With the pictures removed, write out the data below exactly.
- Opening Delimiter -
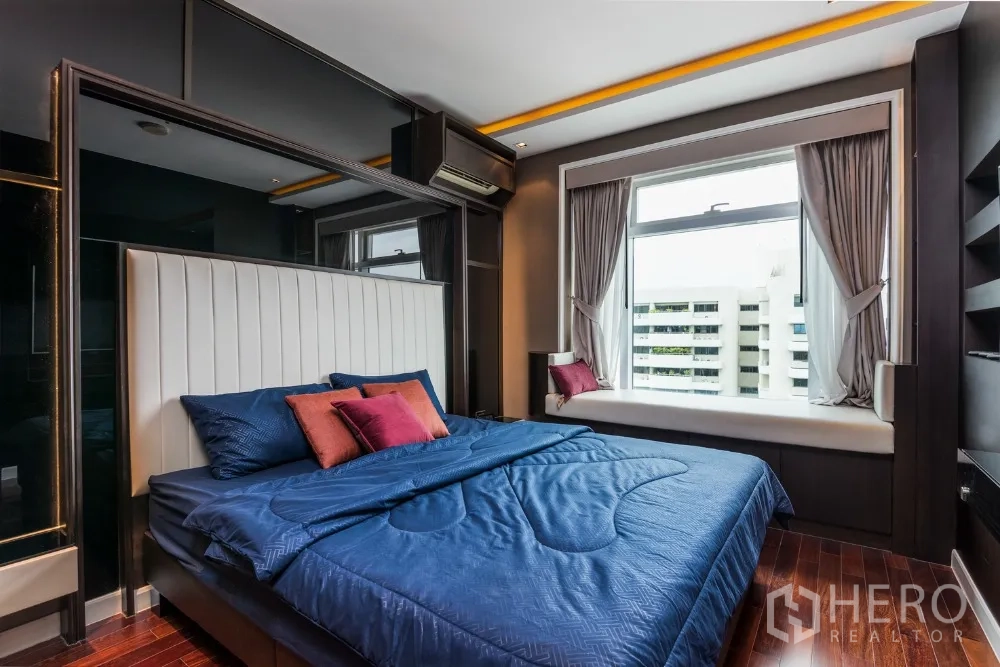 คอนโด ให้เช่าในRatchathewi, Bangkok - ห้องนอนใหญ่ ผ้าปูเตียงสีน้ำเงิน หัวเตียงบุผ้า และที่นั่งริมหน้าต่างขนาดใหญ่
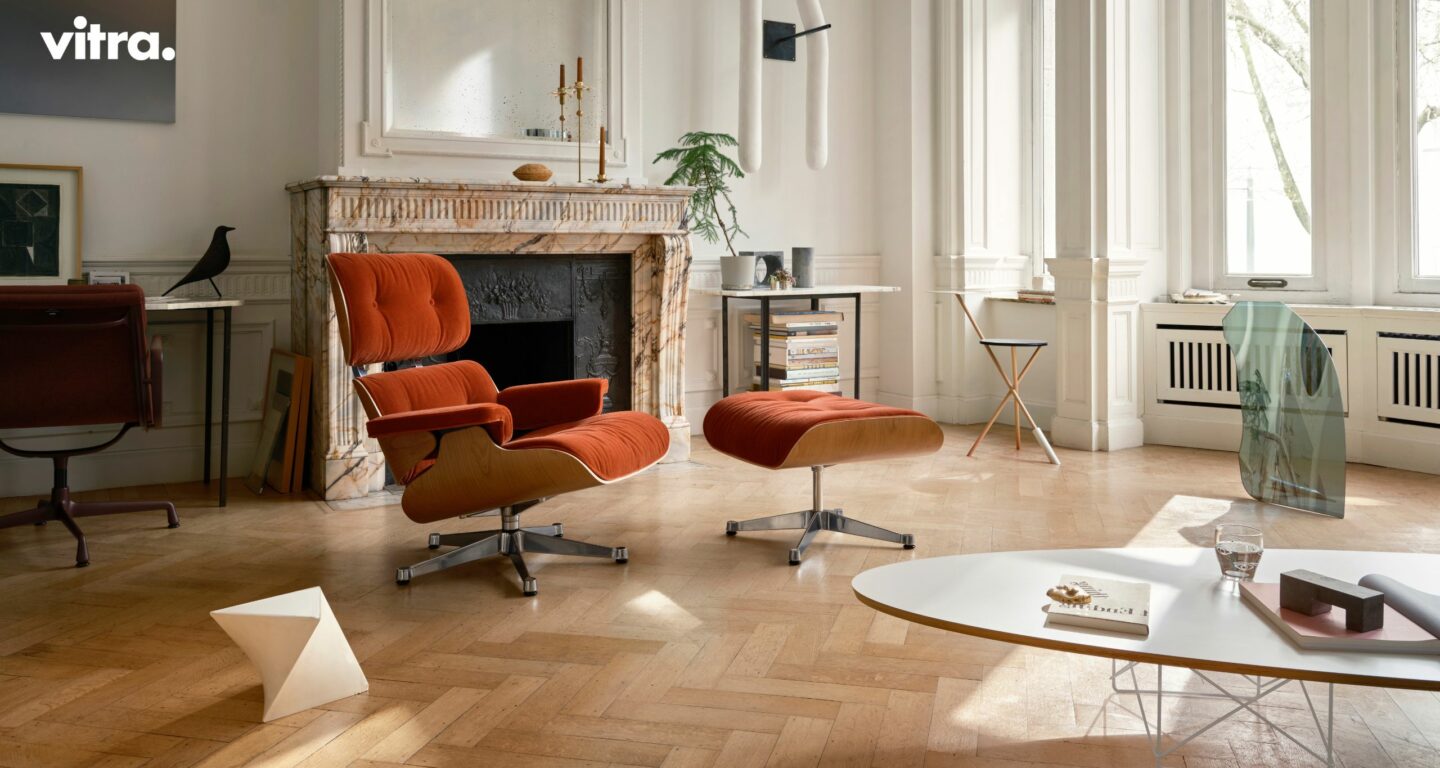 Ein Wohnzimmer mit einem orangefarbenen Sessel und einer Ottomane vom Möbelhaus Bad Homburg, einem Marmorkamin, einem kleinen Schreibtisch und großen Fenstern, die viel Tageslicht hereinlassen. Ein Wohnzimmer mit einem orangefarbenen Sessel und einer Ottomane vom Möbelhaus Bad Homburg, einem Marmorkamin, einem kleinen Schreibtisch und großen Fenstern, die viel Tageslicht hereinlassen.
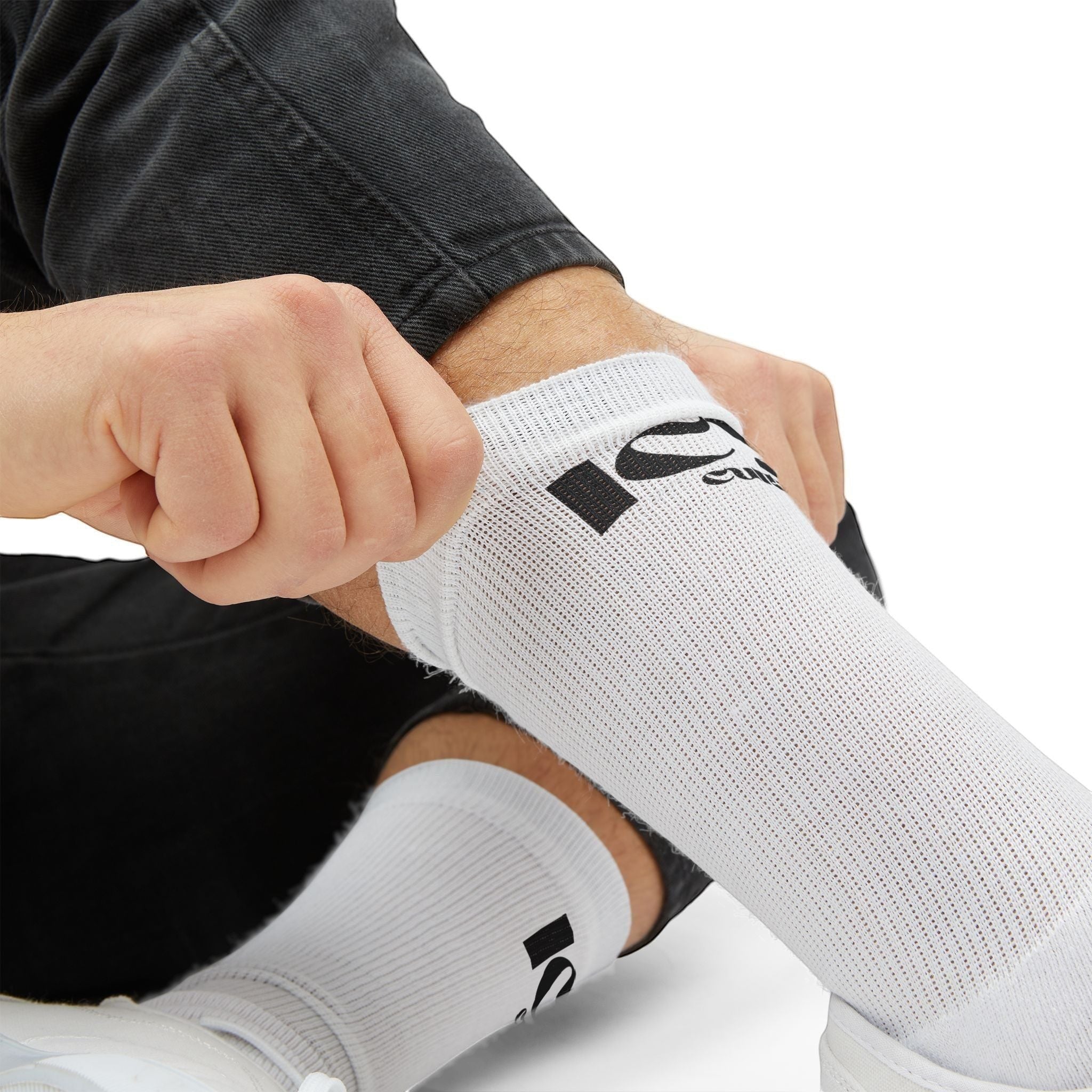 Icy Culture white crew socks with black logo detail, made from a polyester-spandex blend for comfort.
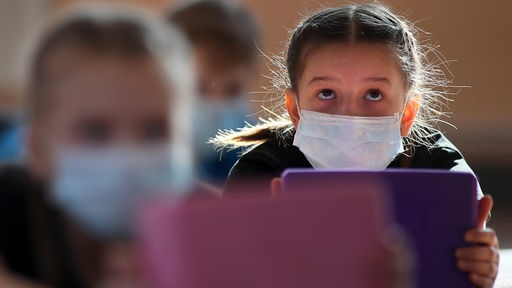 Mädchen mit Mundschutz schaut auf ein Tablet (Ivanovo, Russland)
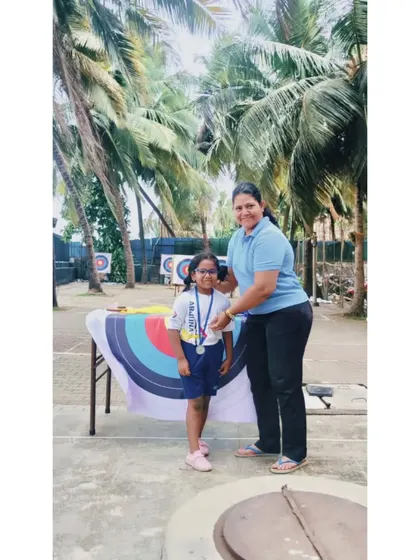 A young girl smiles as she receives her medal. Our intraclub events are designed to be encouraging and positive for all.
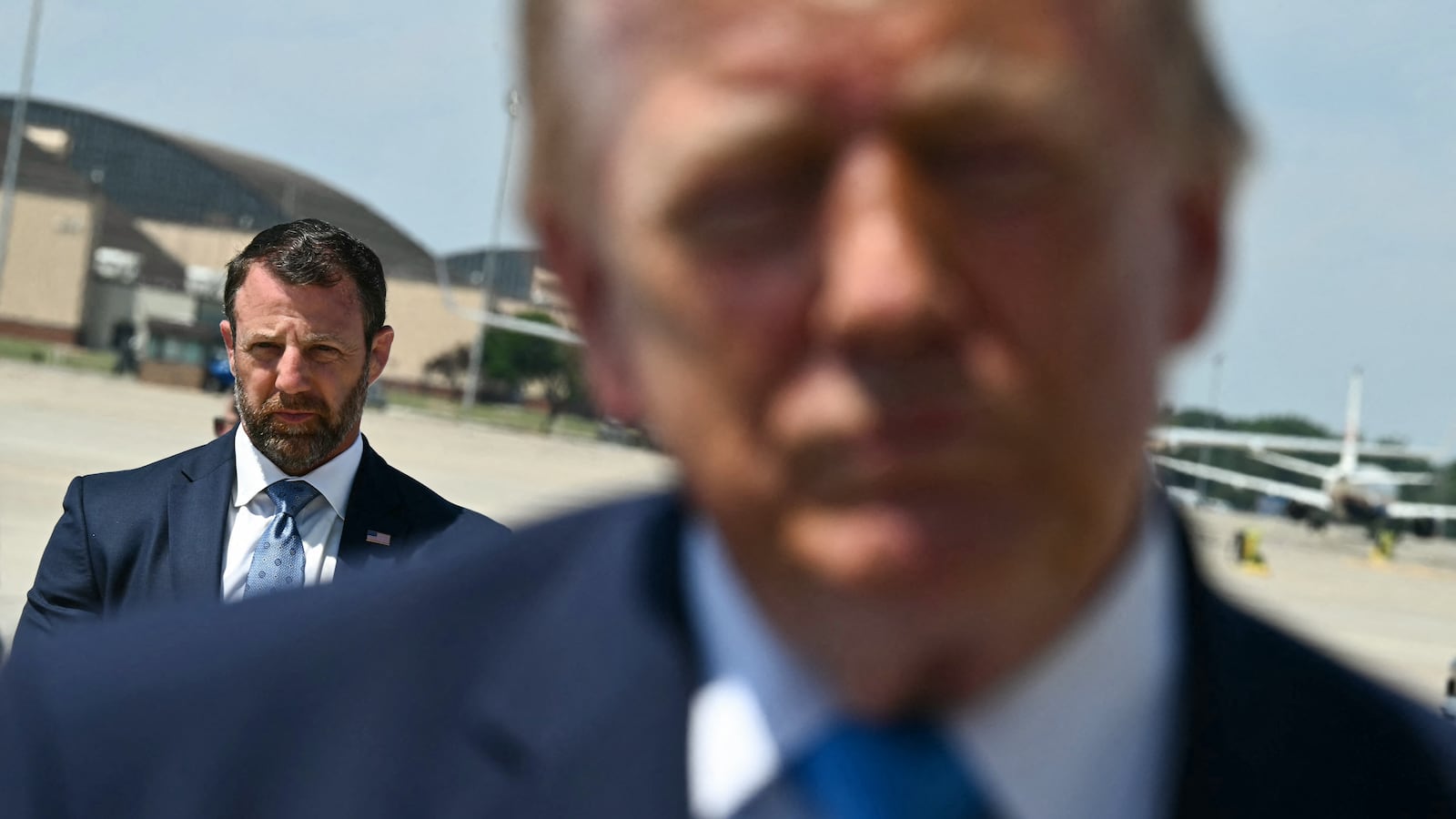 US Secretary of Homeland Security Markwayne Mullin looks on as President Donald Trump speaks to reporters after stepping off Air Force One.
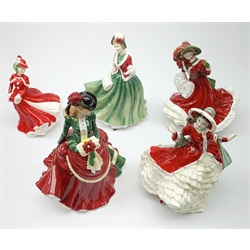 A group of five Royal Doulton figures, comprising Christmas Day 2000 HN4242, Christmas Day 2005 HN4723, Pretty Ladies Winter Elegance HN5109, Victorian Christmas N4675, and Christmas Celebration HN4721, four with boxes. (5). 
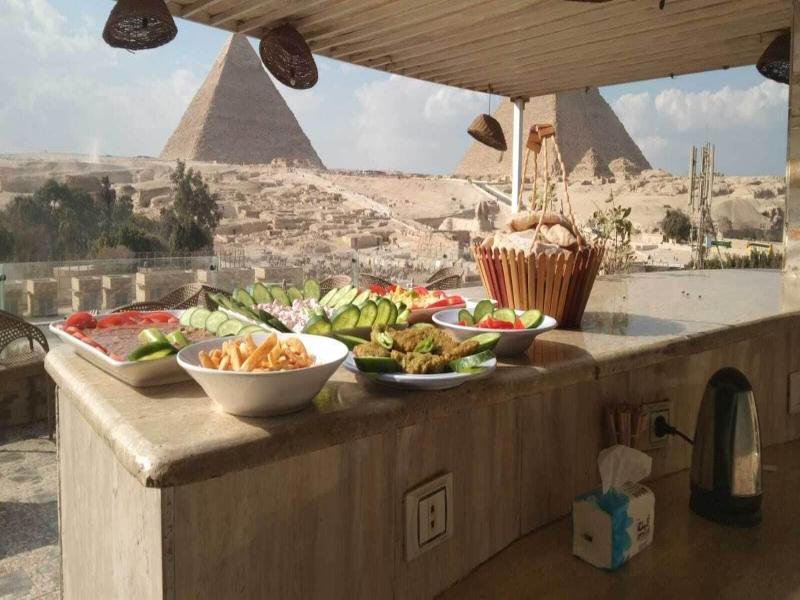 Tut & Pyramids View image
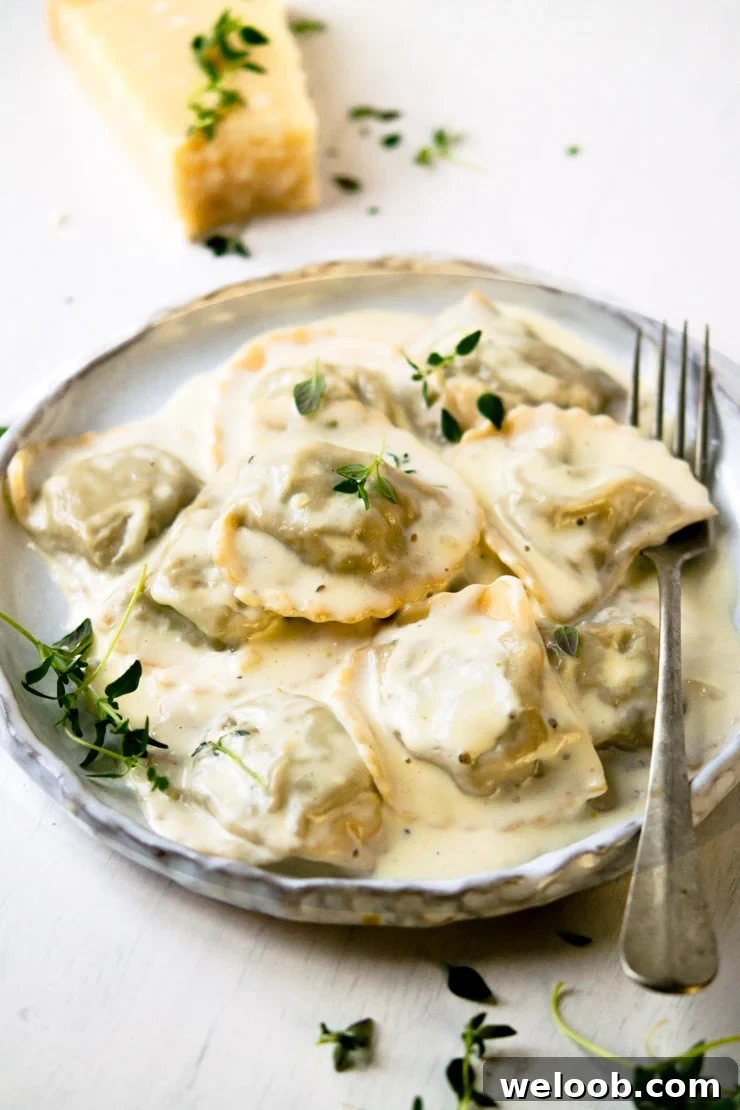 Close-up view of Stuffed Mushroom Ravioli with Parmesan Cheese on a Plate with a Fork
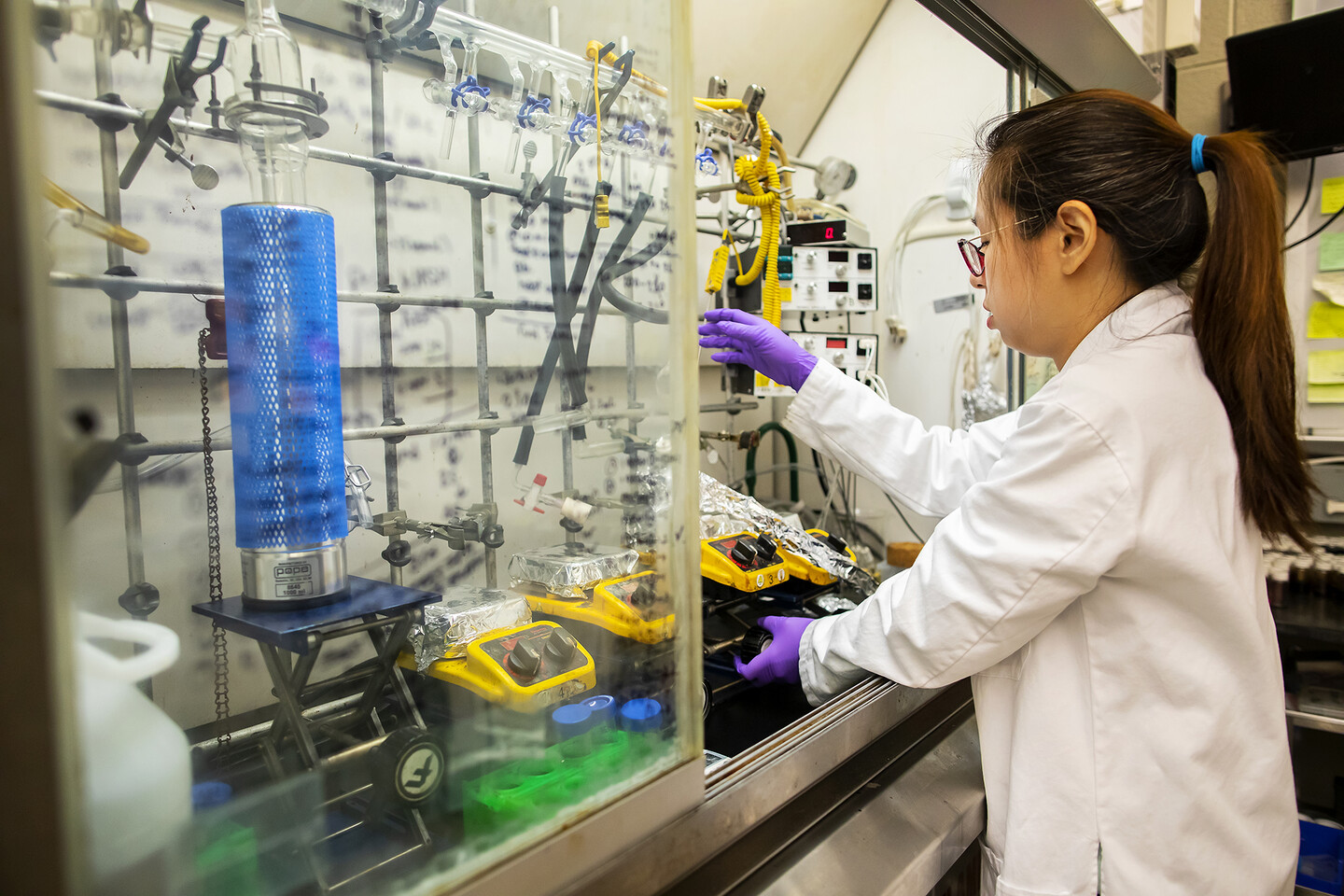 lee reaching for a test tube while working in a chemistry hood, the glass is covered in chemical equations and the hood is full of glassware, tubing, and hot plates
- Closing Delimiter -
» **Problem solution**
 คอนโด ให้เช่าในRatchathewi, Bangkok - ห้องนอนใหญ่ ผ้าปูเตียงสีน้ำเงิน หัวเตียงบุผ้า และที่นั่งริมหน้าต่างขนาดใหญ่
 Ein Wohnzimmer mit einem orangefarbenen Sessel und einer Ottomane vom Möbelhaus Bad Homburg, einem Marmorkamin, einem kleinen Schreibtisch und großen Fenstern, die viel Tageslicht hereinlassen. Ein Wohnzimmer mit einem orangefarbenen Sessel und einer Ottomane vom Möbelhaus Bad Homburg, einem Marmorkamin, einem kleinen Schreibtisch und großen Fenstern, die viel Tageslicht hereinlassen.
 Icy Culture white crew socks with black logo detail, made from a polyester-spandex blend for comfort.
 Mädchen mit Mundschutz schaut auf ein Tablet (Ivanovo, Russland)
 A young girl smiles as she receives her medal. Our intraclub events are designed to be encouraging and positive for all.
 US Secretary of Homeland Security Markwayne Mullin looks on as President Donald Trump speaks to reporters after stepping off Air Force One.
 A group of five Royal Doulton figures, comprising Christmas Day 2000 HN4242, Christmas Day 2005 HN4723, Pretty Ladies Winter Elegance HN5109, Victorian Christmas N4675, and Christmas Celebration HN4721, four with boxes. (5). 
 Tut & Pyramids View image
 Close-up view of Stuffed Mushroom Ravioli with Parmesan Cheese on a Plate with a Fork
 lee reaching for a test tube while working in a chemistry hood, the glass is covered in chemical equations and the hood is full of glassware, tubing, and hot plates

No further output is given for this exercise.